# YOUR TASK
Quote each line of the material verbatim, without the pictures.

# SOURCE DATA
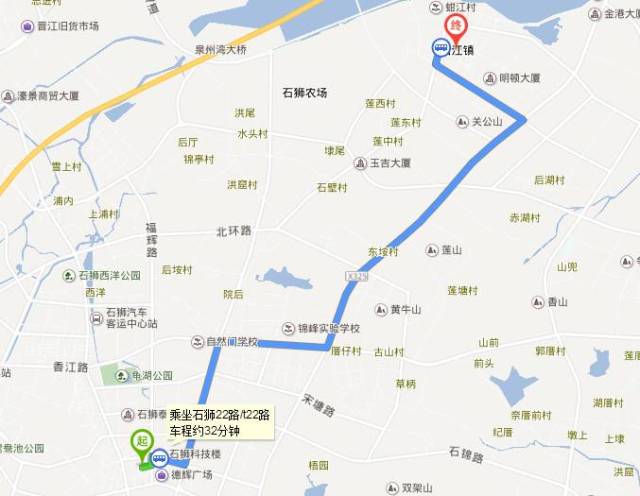 到达石狮市之后,有22路 / t22路公交直达蚶江镇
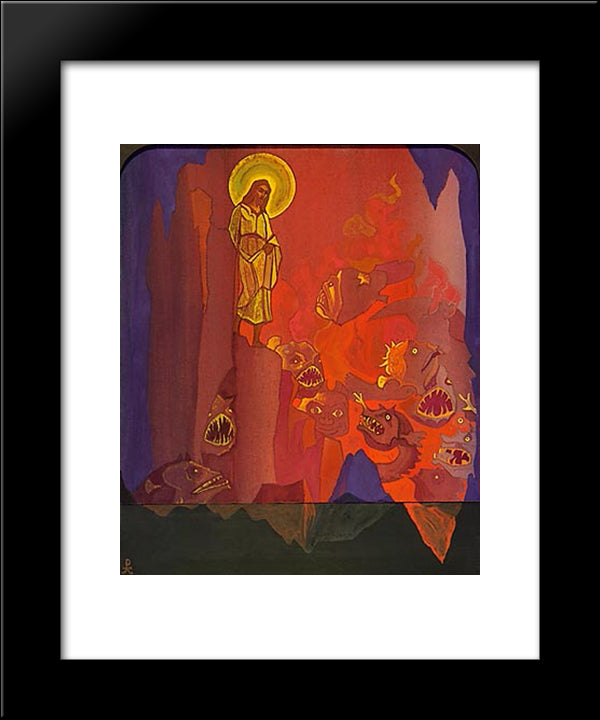 Harrowing Of Hell 20x24 Black Modern Wood Framed Art Print Poster by Roerich, Nicholas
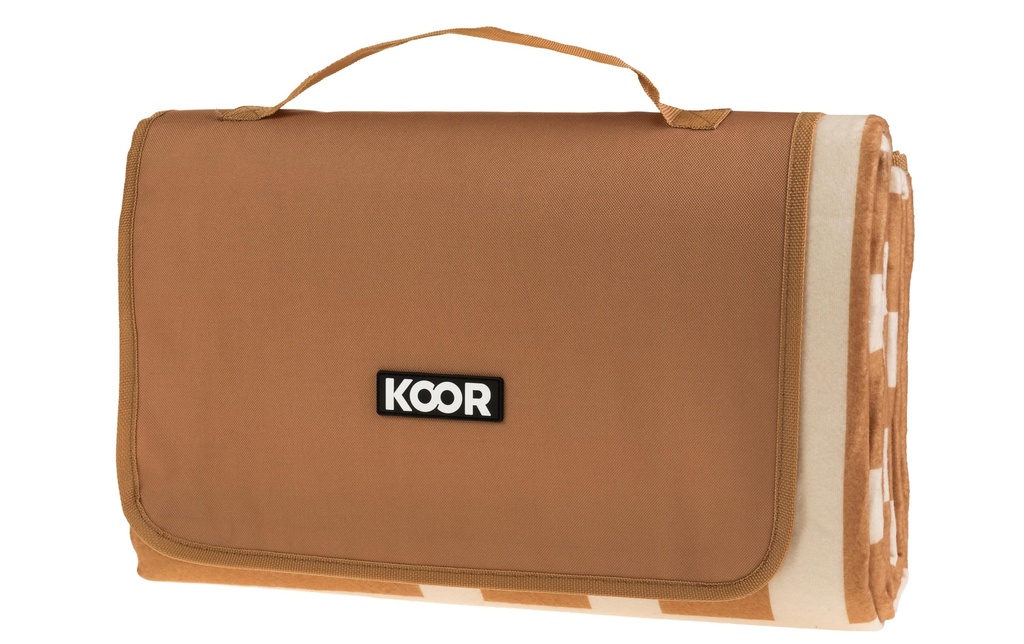 KOOR Couverture de pique-nique Chèque, marron 150 x 200 cm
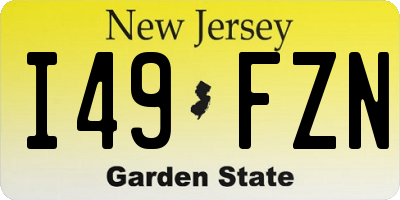 NJ license plate I49FZN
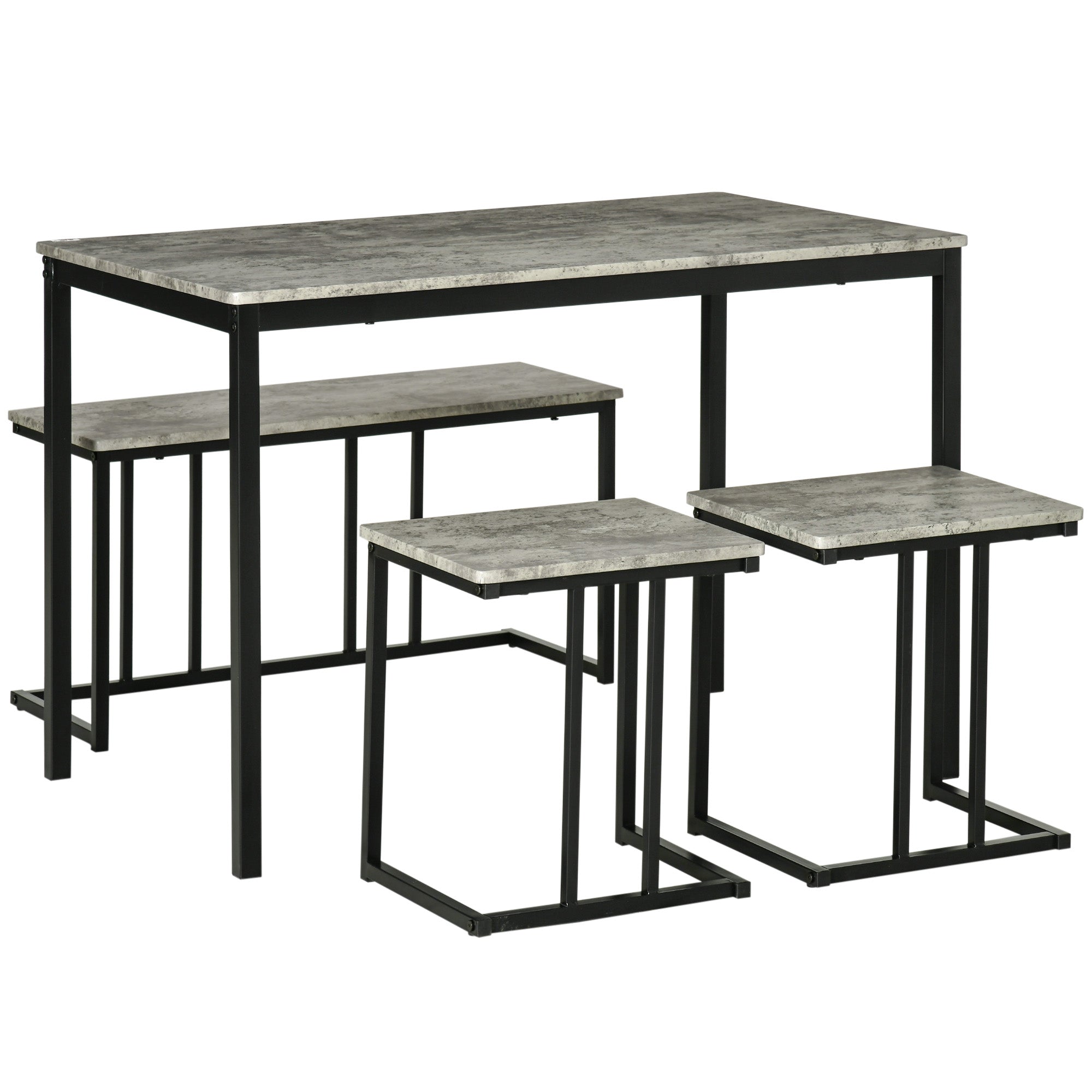 HOMCOM Dining Table and Chairs Set for 4 People, Concrete Effect Kitchen Table and Bench Set with Steel Frame, 4 Piece Dining Room Sets, Grey 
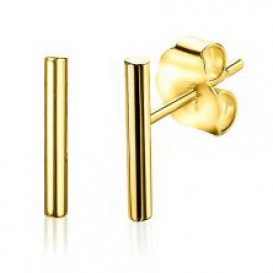 Zinzi Gold ZGO183 Oorknoppen Buisje geelgoud 10 mm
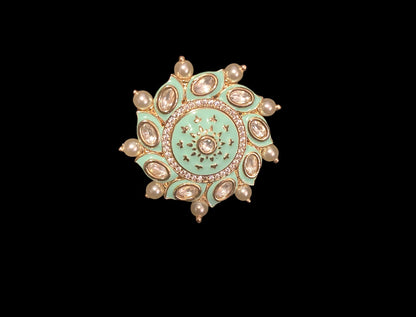 Turquoise kundan ring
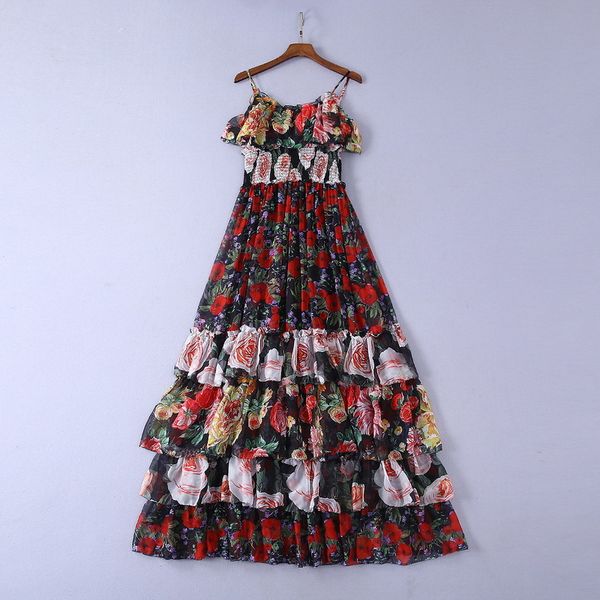 milan runway 2019 spaghetti straps roses print long women dress designer cascading ruffles vestidos de festa beach holiday gown yy-33, Black
milan runway 2019 spaghetti straps roses print long women dress designer cascading ruffles vestidos de festa beach holiday gown yy-33, Black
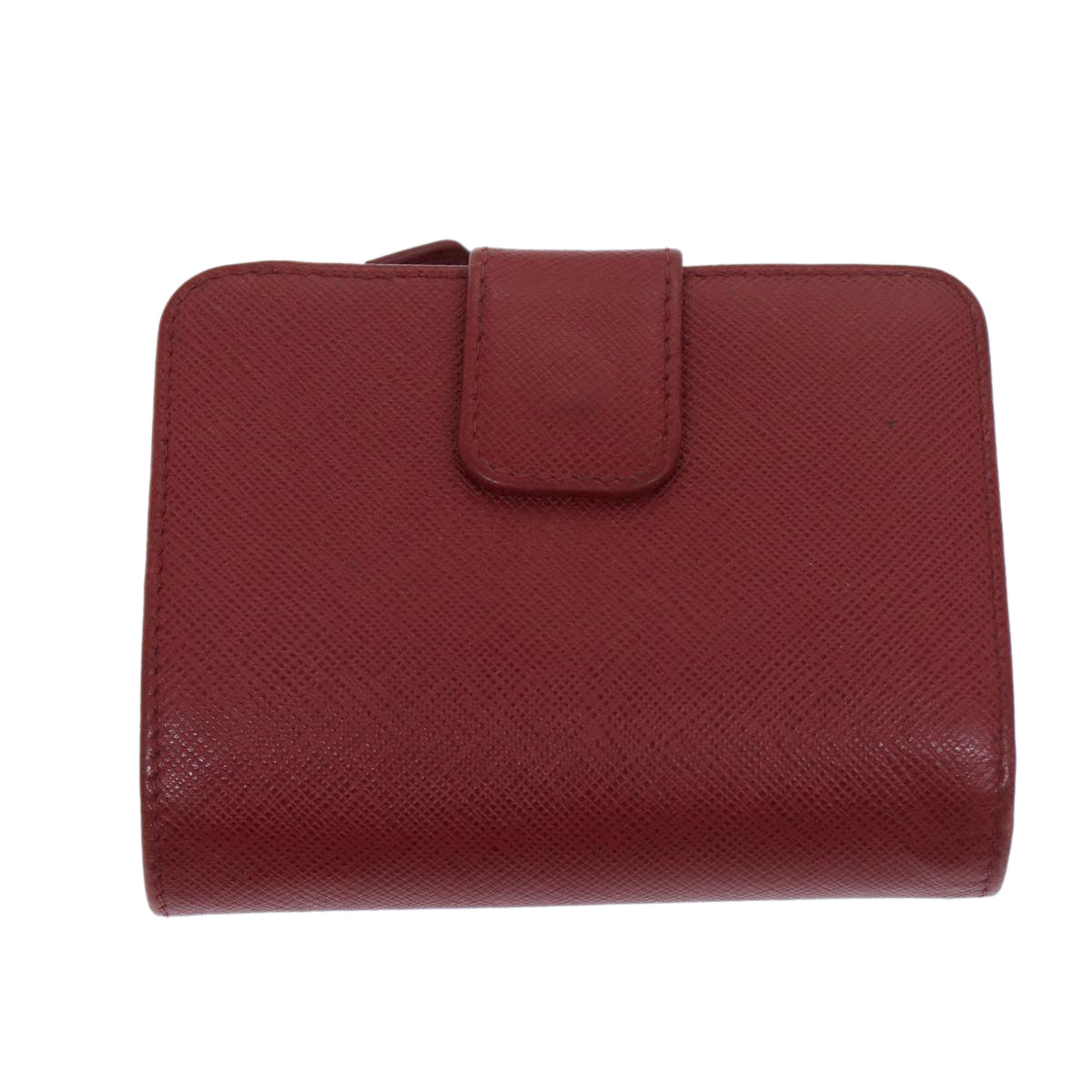 PRADA Bifold Wallet Safiano leather Red Auth ep3880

# ANSWER TO THE EXERCISE
 到达石狮市之后,有22路 / t22路公交直达蚶江镇
 Harrowing Of Hell 20x24 Black Modern Wood Framed Art Print Poster by Roerich, Nicholas
 KOOR Couverture de pique-nique Chèque, marron 150 x 200 cm
 NJ license plate I49FZN
 HOMCOM Dining Table and Chairs Set for 4 People, Concrete Effect Kitchen Table and Bench Set with Steel Frame, 4 Piece Dining Room Sets, Grey 
 Zinzi Gold ZGO183 Oorknoppen Buisje geelgoud 10 mm
 Turquoise kundan ring
 milan runway 2019 spaghetti straps roses print long women dress designer cascading ruffles vestidos de festa beach holiday gown yy-33, Black
milan runway 2019 spaghetti straps roses print long women dress designer cascading ruffles vestidos de festa beach holiday gown yy-33, Black
 PRADA Bifold Wallet Safiano leather Red Auth ep3880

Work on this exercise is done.